# Exercise:
In the records below, count every line that contains the word "item" and report only the total.
(Given information)
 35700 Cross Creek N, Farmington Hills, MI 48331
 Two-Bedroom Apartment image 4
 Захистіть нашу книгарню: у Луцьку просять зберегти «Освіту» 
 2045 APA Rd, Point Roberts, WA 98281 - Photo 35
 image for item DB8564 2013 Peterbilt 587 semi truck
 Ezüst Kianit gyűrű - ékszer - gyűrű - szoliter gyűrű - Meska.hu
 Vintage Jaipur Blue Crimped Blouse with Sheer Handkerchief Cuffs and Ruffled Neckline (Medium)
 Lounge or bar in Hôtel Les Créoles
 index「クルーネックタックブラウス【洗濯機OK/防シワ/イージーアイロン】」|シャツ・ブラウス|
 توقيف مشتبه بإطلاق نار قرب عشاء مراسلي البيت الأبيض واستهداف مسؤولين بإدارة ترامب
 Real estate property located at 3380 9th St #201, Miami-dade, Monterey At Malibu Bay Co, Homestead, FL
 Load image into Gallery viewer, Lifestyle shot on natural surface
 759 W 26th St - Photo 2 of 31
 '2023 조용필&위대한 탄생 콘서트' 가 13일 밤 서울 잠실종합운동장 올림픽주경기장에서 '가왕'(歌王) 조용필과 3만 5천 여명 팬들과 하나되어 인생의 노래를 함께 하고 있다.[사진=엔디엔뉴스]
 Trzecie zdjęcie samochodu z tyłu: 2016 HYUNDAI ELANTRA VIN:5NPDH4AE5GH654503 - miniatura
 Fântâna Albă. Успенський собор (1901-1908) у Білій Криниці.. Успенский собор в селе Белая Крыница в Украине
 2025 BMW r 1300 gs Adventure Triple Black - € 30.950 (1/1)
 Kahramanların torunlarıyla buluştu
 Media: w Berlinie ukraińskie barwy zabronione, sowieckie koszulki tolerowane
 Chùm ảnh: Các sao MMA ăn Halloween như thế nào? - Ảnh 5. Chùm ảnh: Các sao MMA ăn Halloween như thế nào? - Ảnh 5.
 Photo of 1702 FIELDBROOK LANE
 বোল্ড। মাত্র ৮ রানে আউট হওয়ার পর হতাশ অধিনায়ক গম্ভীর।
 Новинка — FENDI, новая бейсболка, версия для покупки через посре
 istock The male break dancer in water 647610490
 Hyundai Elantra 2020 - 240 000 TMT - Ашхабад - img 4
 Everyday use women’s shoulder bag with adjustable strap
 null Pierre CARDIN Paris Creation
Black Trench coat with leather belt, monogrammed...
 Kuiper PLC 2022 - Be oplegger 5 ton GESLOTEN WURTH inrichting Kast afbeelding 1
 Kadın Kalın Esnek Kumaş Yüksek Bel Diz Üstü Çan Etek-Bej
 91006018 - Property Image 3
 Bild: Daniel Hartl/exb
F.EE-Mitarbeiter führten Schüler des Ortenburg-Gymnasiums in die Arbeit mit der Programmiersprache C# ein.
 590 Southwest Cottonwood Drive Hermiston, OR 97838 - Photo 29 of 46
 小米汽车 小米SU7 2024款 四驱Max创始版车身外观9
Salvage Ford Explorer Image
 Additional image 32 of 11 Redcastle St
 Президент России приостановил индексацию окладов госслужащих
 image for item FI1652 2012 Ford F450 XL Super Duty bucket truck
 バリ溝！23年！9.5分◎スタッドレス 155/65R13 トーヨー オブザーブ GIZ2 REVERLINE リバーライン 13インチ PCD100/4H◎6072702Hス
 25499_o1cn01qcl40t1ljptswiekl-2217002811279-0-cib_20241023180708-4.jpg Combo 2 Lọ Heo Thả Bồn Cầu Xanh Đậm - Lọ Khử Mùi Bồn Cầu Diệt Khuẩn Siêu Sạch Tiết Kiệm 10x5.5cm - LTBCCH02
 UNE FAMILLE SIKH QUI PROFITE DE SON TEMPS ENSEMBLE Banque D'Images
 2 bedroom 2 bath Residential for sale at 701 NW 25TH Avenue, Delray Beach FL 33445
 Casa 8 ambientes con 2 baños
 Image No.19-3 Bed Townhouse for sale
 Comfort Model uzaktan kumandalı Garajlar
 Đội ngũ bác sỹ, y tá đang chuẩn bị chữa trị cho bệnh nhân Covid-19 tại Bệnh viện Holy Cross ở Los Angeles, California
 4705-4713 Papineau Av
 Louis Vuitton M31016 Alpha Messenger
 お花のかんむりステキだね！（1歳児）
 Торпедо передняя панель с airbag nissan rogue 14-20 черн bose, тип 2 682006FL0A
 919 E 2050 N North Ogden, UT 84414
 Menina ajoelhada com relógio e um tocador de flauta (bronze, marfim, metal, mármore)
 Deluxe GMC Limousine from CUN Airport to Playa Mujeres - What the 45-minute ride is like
(End Given information)
# Result:
2